Let me be the fortieth person to say go for it. I spent many an hour prowling the junkyards in high school, sometimes (often times?) coming out empty-handed. Sometimes I went for some obscure trim piece and they often just let me take it.

My advice would be to try and go to a place that looks to be family-owned. It's more likely they'll allow you to go in the yard yourself, be more friendly, perhaps offer a better price, and almost certainly not charge you the $2 entrance fee of the big guys. In any case, if you find a yard with a Sentra that hasn't been totally stripped, keep it in the back of your mind for the next time something breaks on your car (though some things you should certainly buy new--e.g. brakes and suspension components).
posted by heydanno at 5:04 PM on September 5, 2006


Go to Ballard, or call the folks in Ballard, assuming they are still there, right under [or next to] the Ballard bridge right by that excellent little brewery.
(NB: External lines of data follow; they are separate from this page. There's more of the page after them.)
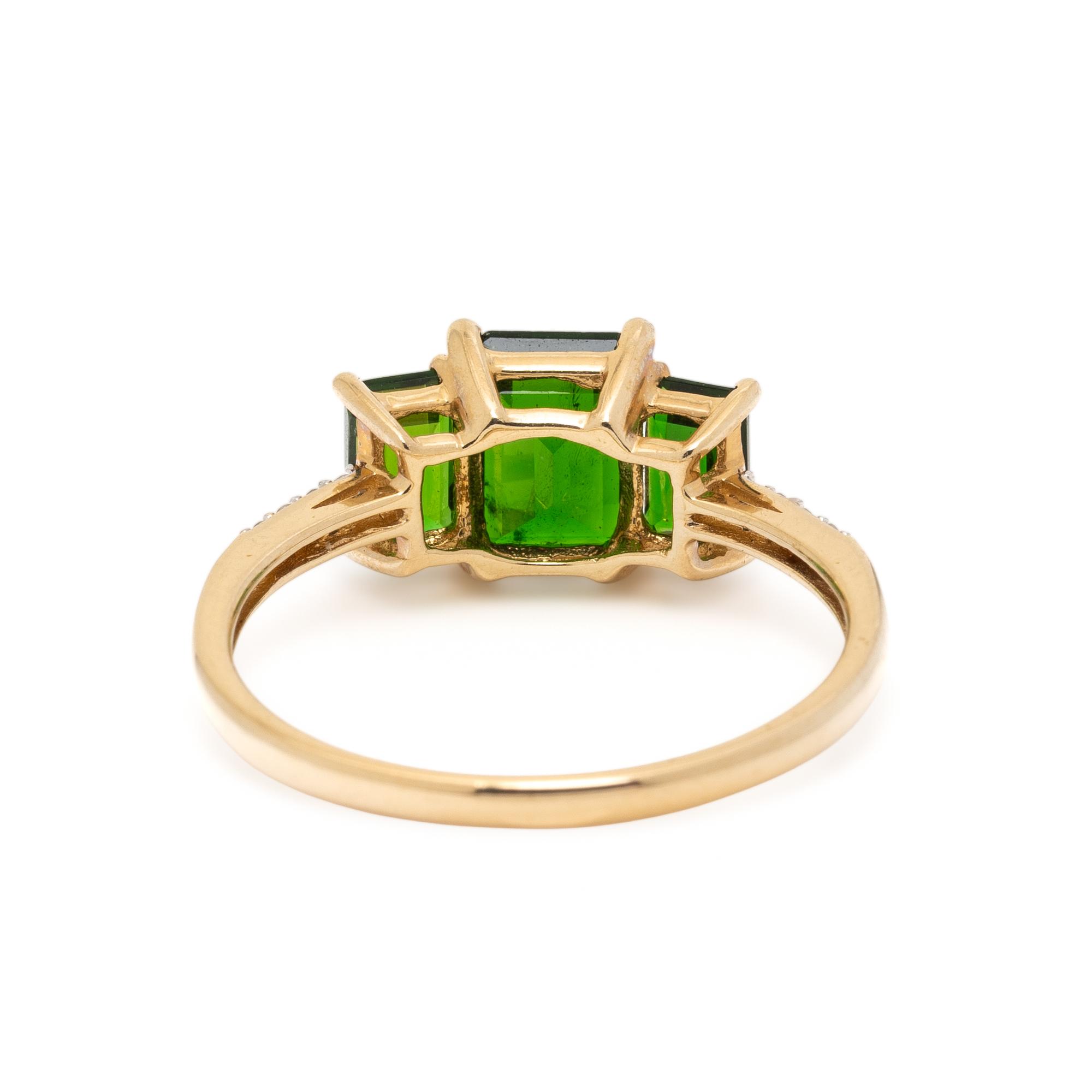 DIOPSIDE, DIAMOND, AND YELLOW GOLD RING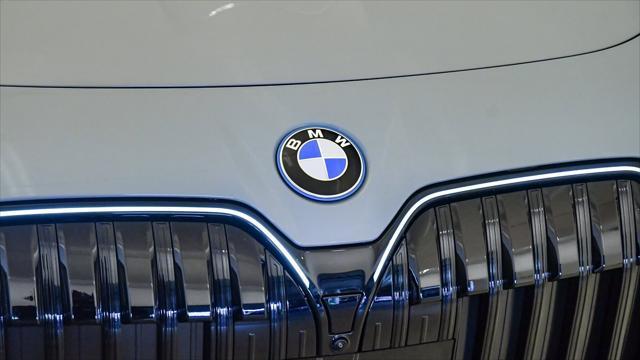 new 2025 BMW i7 car, priced at $101,204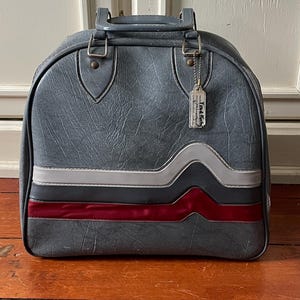 Vintage One Ball White 1980&#39;s bowling Bag Gray,White and Red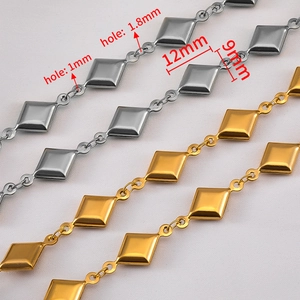 Polished 12x9mm stainless steel diamond-shaped jewelry chain links in gold and silver finish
They often have parts and you don't have to rip the car apart yourself to get them. I *think* this is them BALLARD AUTO WRECKING CO, 206-782-8696. I have gotten miscellaneous knobs and stuff from them, If they don't have what you need [call with make and model of car blah blah blah, decide ahead of time if color is important] see if you can ask them who else might have it.
posted by jessamyn at 8:25 PM on September 5, 2006


There is nothing scary about junkyards. I worked in one as a secretary/inventory bitch for a summer with my brother. (The place I worked was a place where you would wait in the reception area (aka ripped up bench seat) and we would get the part for you. Just make sure you know the make, model, what side you need, possibly color, and sometimes, year.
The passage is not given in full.